È stata la settimana della birra e del limoncello quella appena trascorsa alla Camera con emendamenti e controemendamenti che alla fine hanno cancellato la proposta di finanziare una quota di organico per la scuola (diecimila posti) con la tassa sulle bevande.

Ma è stata anche la settimana dell’equivoco su quei nuovi posti di insegnante da destinare al sostegno e al potenziamento del tempo pieno.

In quasi tutti i servizi giornalistici e nei vari comunicati che hanno accompagnato l’emendamento che prevedeva l’istituzione di 10 mila nuovi posti e in quelli successivi che ne hanno commentato la cancellazione voluta dal governo, si è parlato di nuove assunzioni e di stabilizzazione dei precari (prospettata prima e negata poi).
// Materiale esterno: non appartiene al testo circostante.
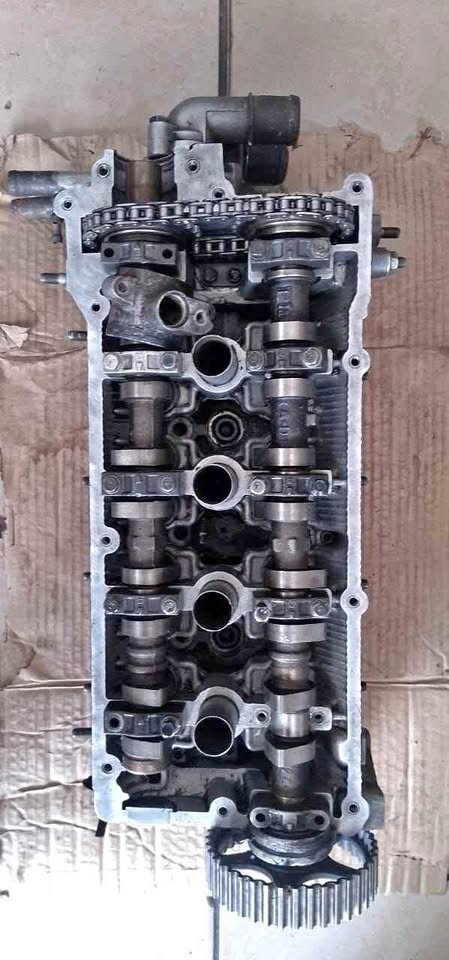 Hyundai Getz g4ee cylinder head Hyundai Getz g4ee cylinder head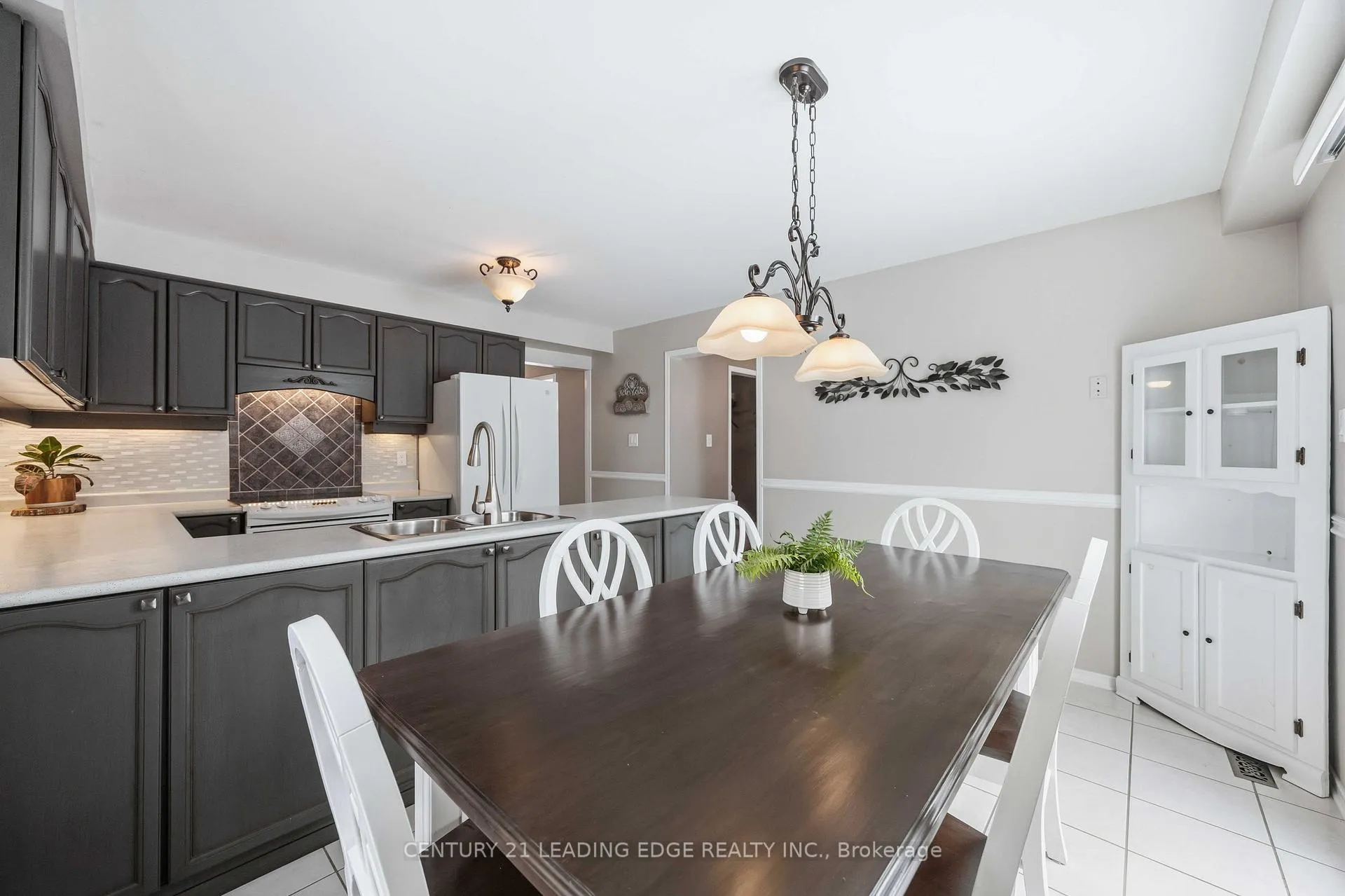 Photo 18 of 8 Tudor Place, Georgina, Keswick North — HOMEH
Questo è stato il grande equivoco, perché un incremento di organico non significa automaticamente stabilizzazione dei precari della scuola.

Se così fosse stato (ma l’emendamento iniziale non ne parlava), quei 10 mila posti sarebbero stati destinati tutti alle graduatorie ad esaurimento dove, come si sa, si trova il maggior numero di docenti precari. Conseguentemente, con una destinazione esclusiva, non vi sarebbe stata alcuna quota da destinare a concorsi e a nuove forme di reclutamento.

Si è trattato, insomma, di una semplificazione pericolosa che ha creato un certo equivoco e alimentato speranze. Conseguentemente la contestata cancellazione dell’emendamento ha determinato delusioni e critiche soprattutto tra i precari.

Sulla scia di questo equivoco potrebbero sorgere facilmente critiche sulla linea politica del governo nei confronti del precariato scolastico.